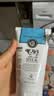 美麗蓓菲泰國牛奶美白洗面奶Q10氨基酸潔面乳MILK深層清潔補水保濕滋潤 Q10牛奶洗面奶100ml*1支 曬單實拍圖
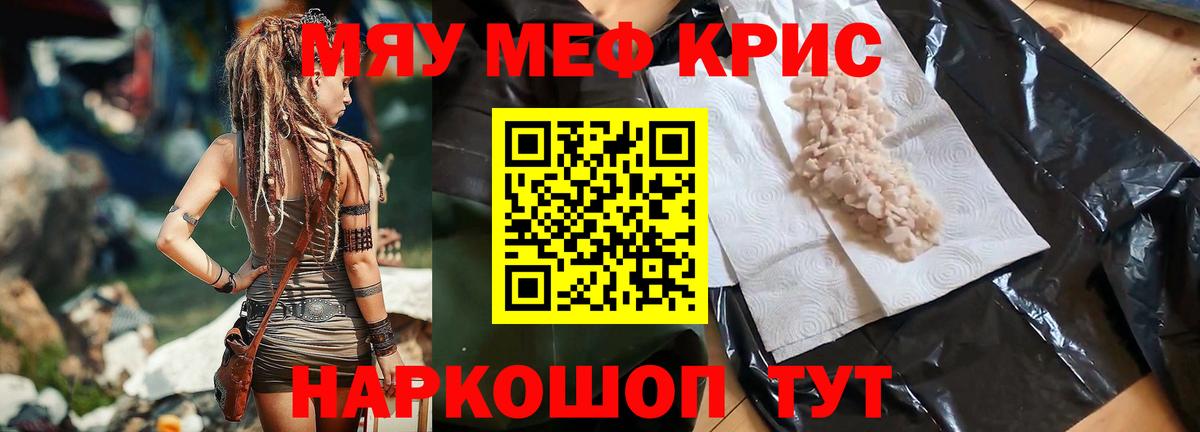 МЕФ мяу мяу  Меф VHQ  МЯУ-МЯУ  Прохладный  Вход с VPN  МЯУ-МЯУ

┄┄┄┄┄┄┄┄┄┄┄┄┄┄┄┄┄┄┄┄

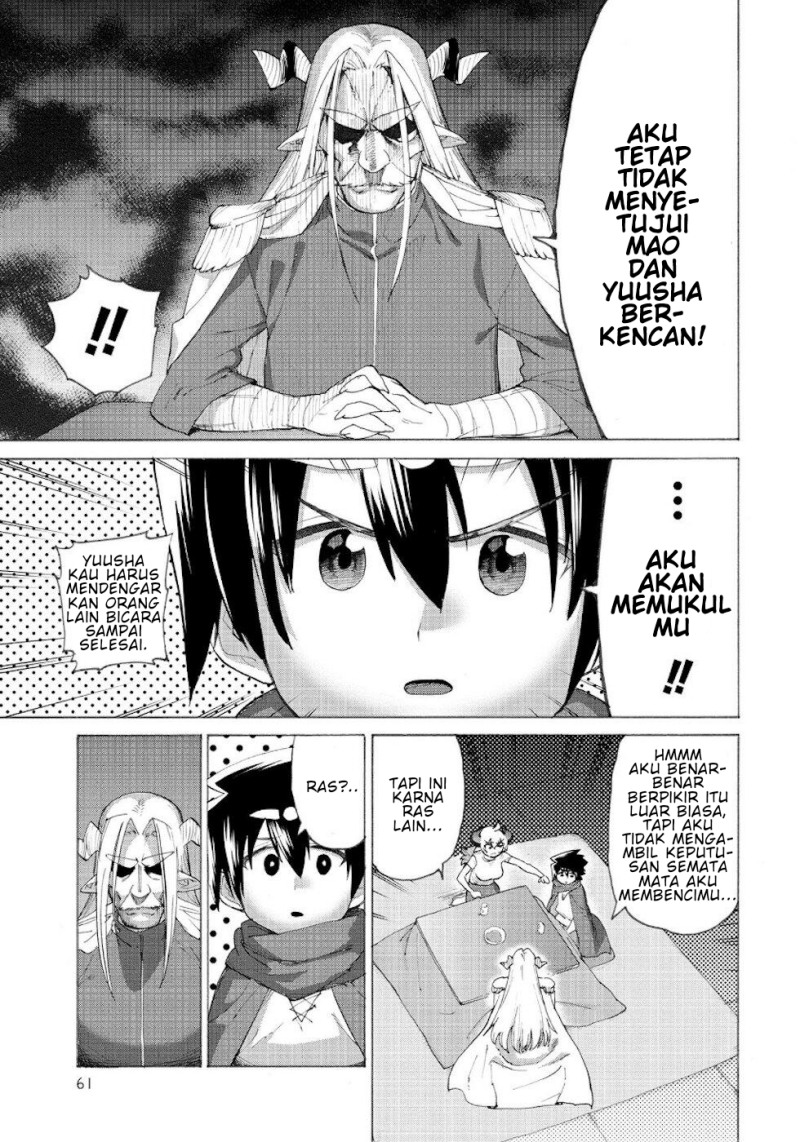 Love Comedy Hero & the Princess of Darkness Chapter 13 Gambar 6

┄┄┄┄┄┄┄┄┄┄┄┄┄┄┄┄┄┄┄┄

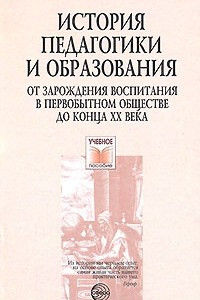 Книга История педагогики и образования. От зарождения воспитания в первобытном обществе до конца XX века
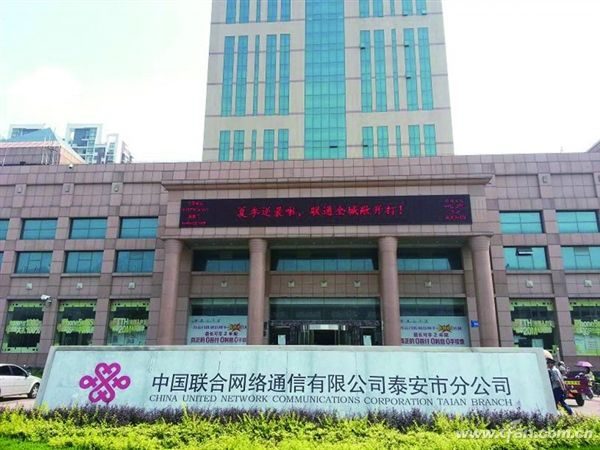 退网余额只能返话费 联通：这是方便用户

┄┄┄┄┄┄┄┄┄┄┄┄┄┄┄┄┄┄┄┄

▶ _Action item_
Please repeat, exactly as written, the lines in the records above, starting with the one that has "美麗蓓菲泰國牛奶美白洗面奶Q10氨基酸潔面乳MILK深層清潔補水保濕滋潤 Q10牛奶洗面奶100ml*1支 曬單實拍圖" and going on through the one that has "МЕФ мяу мяу". Pictures are to be left out.

▶ _Solution to the problem_
 美麗蓓菲泰國牛奶美白洗面奶Q10氨基酸潔面乳MILK深層清潔補水保濕滋潤 Q10牛奶洗面奶100ml*1支 曬單實拍圖
 МЕФ мяу мяу  Меф VHQ  МЯУ-МЯУ  Прохладный  Вход с VPN  МЯУ-МЯУ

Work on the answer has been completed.